The NCAA: Poster Boy for Corruption and Exploitation

The annual hoops hysteria known as March Madness generates a tidal wave of revenue—but the players don’t receive a dime of it.


President of the National Collegiate Athletic Association (NCAA) Mark Emmert (back L) speaks near Executive Committee Chairman Ed Ray during a news conference at the NCAA headquarters in Indianapolis July 23, 2012.   Reuters/Brent Smith

It’s time for that period of breathless college-hoops hysteria known as March Madness. It’s time for bracketology, Final Four predictions, office pools and the gambling of billions of dollars, legal and illegal. What will go largely unnoted is the fact that kids, ranging in age from 18 to 22 and branded with corporate logos, are producing this tidal wave of revenue—and they’re not receiving a dime of it.

Welcome to the National Collegiate Athletic Association (NCAA) in the twenty-first century, about as corrupt and mangled an institution as exists in the United States. At palatial college stadiums across the country, players are covered in more ads than stock cars and generate billions of dollars, all to the roar of millions of fans for whom college sports are tantamount to religion. One problem cannot be tackled without the other: the same system that spends so much on revenue-generating sports and is the stage of the sports world’s most egregious scandals, from Notre Dame to Penn State, also exploits athletes to a degree that renders such scandals inevitable.

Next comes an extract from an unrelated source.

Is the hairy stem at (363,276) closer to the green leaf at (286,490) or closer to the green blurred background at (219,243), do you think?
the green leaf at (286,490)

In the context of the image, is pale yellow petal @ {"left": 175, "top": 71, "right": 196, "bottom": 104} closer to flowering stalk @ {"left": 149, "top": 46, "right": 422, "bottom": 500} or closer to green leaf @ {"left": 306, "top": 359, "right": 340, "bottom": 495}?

A constant refrain by the yipping heads of the sports world is that the NCAA is on a toboggan ride toward change, which is being driven by financial pressures. In 2010, only twenty-two of the 120 football bowl subdivision schools made money from campus athletics, up from only fourteen the previous year. In a time of austerity, public universities preach, with a catch in their throat, that the revenue just isn’t there. So schools are realigning into different mega-conferences with the hope that this will provide enough money to maintain the status quo. But even the revenue-producing sport of football loses money.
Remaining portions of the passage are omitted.